Platts then returned to England, and settling in Ealing, occupying himself by teaching Hindi and Persian, having mastered both languages. In June 1880, he was elected teacher of Persian language at Oxford University. He matriculated from Balliol College, Oxford in February 1881 and, in June 1881, became Master of Arts honoris causa. In March 1901, he received the degree of Master of Arts by decree.

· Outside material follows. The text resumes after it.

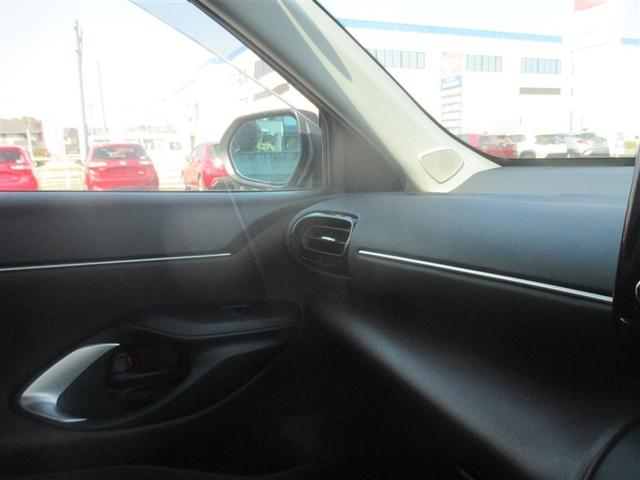 ヤリスクロス ハイブリッドＺ　ミュージックプレイヤー接続可　バックカメラ　衝突被害軽減システム　ＥＴＣ　ドラレコ　ＬＥＤヘッドランプ　ワンオーナー　記録簿（23枚目）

He died suddenly in London on 21 September 1904, and was buried at Wolvercote Cemetery near Oxford.

Platts married twice: first, in 1856, in Lahore, India, to Alice Jane Kenyon, by whom he had three sons and four daughters; and second, in 1876, to Mary Elizabeth Hayes of Melbourne, Australia. They had one son.

Published works[edit]

  • 1. A Grammar of the Hindustani Language (1874).
  • 2. A Hindustani-English Dictionary (1881).
  • 3. A Dictionary of Urdu, Classical Hindi, and English (1884).
  • 4. A Grammar of the Persian Language, Part I: Accidence (1894).
  • He also edited the text of Gulistan of Sa'di (1872), and published Sa'di (Shaikh Muslihuddin Shirazi), photographed from manuscripts under his supervision (1891). He translated the Ikhwanu-s-Safa of Maulavi Ikram Ali (1875), and the Gulistan of Sa'di (1876).